Task instructions
Repeat exactly, please, the opening lines of the data below, through and including the line where "2020 MotoGP: Morbidelli" sits.
☆ ☆ ☆ ☆
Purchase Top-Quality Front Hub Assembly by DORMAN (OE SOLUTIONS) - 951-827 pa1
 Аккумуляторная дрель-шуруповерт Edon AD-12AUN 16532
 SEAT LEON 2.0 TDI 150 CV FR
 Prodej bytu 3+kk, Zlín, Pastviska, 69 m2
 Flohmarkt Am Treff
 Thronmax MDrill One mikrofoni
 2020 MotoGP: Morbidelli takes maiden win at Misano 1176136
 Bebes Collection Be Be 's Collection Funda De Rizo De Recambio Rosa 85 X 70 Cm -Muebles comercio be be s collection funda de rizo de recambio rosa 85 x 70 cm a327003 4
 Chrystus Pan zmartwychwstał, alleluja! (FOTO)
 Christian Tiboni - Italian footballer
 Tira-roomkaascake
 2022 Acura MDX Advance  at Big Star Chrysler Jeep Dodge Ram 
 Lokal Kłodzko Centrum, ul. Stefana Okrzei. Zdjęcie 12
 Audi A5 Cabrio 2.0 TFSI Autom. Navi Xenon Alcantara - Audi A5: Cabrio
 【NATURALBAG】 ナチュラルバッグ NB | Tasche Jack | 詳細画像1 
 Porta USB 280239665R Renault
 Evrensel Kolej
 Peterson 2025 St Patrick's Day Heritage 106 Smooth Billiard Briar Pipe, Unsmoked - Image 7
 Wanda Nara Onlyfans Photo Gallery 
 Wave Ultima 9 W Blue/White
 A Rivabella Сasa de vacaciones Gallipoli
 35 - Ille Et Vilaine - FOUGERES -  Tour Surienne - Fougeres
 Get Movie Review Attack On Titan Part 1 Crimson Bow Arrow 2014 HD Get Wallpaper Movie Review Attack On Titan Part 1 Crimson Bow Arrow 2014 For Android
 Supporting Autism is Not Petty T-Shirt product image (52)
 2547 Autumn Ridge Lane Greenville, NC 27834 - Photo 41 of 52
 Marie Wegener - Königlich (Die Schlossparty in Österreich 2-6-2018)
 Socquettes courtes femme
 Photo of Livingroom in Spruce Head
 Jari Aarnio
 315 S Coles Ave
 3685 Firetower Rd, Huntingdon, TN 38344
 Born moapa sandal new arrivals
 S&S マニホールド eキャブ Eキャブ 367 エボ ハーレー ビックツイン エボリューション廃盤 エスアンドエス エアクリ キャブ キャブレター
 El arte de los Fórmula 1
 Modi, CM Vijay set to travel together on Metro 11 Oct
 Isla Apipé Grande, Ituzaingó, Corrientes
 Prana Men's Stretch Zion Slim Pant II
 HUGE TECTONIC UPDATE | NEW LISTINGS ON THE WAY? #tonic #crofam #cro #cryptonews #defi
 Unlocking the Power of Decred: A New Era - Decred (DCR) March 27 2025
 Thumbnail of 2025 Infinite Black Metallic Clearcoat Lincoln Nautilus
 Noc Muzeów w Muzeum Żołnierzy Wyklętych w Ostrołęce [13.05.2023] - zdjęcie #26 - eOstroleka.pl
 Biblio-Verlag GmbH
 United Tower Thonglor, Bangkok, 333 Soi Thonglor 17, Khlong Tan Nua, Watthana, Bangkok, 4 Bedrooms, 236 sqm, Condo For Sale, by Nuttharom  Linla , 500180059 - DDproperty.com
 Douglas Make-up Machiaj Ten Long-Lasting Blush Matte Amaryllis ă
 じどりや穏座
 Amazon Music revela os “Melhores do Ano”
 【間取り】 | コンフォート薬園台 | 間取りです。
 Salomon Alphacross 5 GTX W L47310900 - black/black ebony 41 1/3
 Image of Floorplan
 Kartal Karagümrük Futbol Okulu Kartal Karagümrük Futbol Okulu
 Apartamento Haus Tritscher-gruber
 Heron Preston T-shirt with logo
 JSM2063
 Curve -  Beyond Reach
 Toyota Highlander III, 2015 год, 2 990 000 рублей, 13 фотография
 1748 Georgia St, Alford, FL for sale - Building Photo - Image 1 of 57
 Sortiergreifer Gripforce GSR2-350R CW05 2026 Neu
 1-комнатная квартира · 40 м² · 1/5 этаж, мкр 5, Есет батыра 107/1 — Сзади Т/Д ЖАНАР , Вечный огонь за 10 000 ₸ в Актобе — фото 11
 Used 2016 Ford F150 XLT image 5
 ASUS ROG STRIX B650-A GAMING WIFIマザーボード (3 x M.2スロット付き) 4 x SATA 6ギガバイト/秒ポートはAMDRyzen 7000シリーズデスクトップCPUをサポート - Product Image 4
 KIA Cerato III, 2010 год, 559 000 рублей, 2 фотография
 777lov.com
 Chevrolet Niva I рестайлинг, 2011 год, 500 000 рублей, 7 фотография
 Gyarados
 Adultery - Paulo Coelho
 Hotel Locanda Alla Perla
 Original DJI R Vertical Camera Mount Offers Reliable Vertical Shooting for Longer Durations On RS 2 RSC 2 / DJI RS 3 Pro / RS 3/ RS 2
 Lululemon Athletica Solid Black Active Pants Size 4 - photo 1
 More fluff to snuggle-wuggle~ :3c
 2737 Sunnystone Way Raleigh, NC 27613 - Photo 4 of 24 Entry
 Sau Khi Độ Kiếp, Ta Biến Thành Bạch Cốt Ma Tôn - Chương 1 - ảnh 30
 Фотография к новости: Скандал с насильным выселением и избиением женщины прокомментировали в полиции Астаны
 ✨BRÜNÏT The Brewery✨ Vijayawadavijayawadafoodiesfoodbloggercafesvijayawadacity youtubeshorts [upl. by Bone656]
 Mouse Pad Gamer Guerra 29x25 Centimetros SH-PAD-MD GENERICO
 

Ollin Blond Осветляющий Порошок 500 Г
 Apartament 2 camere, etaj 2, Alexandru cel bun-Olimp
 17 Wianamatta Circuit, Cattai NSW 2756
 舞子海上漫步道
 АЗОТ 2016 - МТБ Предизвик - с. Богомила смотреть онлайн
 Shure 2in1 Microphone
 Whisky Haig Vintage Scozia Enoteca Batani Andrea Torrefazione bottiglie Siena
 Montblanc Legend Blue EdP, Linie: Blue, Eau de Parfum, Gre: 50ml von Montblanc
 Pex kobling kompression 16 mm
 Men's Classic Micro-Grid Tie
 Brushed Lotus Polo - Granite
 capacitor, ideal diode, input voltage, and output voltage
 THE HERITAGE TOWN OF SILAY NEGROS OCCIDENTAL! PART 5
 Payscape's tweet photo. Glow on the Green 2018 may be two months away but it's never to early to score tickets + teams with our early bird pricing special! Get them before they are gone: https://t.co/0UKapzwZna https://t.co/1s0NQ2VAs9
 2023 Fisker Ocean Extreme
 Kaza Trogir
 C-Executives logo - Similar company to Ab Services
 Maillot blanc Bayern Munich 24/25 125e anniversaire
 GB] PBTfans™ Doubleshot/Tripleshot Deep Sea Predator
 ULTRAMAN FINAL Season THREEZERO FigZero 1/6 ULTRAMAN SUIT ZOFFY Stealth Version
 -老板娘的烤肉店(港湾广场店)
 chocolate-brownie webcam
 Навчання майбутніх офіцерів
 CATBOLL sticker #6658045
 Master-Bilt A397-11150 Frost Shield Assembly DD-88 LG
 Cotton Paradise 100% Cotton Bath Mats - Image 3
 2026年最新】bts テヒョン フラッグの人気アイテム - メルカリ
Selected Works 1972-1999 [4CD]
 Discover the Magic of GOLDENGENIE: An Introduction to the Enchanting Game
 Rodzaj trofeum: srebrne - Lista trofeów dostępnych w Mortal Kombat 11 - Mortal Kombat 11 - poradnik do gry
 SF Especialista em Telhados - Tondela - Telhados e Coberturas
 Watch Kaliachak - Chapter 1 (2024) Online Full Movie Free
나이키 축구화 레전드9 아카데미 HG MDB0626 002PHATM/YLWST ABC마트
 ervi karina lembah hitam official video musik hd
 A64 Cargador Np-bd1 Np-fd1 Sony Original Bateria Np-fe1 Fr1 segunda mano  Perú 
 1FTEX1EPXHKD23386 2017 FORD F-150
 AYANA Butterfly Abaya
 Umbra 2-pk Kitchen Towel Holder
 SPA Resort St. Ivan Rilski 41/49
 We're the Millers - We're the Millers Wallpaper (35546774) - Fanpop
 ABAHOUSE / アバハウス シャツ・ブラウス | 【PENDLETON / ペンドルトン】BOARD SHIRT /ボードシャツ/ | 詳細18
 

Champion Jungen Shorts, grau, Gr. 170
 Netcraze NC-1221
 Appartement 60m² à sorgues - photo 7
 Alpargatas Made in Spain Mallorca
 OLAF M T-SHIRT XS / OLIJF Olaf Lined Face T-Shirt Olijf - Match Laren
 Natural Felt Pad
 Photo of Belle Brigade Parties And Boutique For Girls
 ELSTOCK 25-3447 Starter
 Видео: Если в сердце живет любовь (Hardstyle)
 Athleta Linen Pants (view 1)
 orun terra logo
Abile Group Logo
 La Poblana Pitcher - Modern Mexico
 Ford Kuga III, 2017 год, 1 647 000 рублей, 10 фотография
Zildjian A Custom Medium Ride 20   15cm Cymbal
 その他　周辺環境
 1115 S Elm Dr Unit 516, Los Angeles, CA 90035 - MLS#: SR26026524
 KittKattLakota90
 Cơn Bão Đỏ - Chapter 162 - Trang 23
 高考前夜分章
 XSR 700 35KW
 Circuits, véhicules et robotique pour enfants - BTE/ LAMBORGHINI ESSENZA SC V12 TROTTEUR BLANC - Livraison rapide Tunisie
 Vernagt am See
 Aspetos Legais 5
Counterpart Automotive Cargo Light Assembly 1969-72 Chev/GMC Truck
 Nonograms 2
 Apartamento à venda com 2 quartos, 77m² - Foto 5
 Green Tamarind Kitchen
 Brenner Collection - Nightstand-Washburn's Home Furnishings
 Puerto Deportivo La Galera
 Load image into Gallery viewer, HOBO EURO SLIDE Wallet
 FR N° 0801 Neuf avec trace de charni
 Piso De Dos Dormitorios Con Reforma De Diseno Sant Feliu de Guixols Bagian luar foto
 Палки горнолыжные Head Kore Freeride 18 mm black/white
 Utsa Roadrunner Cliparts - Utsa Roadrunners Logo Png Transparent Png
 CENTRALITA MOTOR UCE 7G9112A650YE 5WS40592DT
☆ ☆ ☆ ☆
Task output
Purchase Top-Quality Front Hub Assembly by DORMAN (OE SOLUTIONS) - 951-827 pa1
 Аккумуляторная дрель-шуруповерт Edon AD-12AUN 16532
 SEAT LEON 2.0 TDI 150 CV FR
 Prodej bytu 3+kk, Zlín, Pastviska, 69 m2
 Flohmarkt Am Treff
 Thronmax MDrill One mikrofoni
 2020 MotoGP: Morbidelli takes maiden win at Misano 1176136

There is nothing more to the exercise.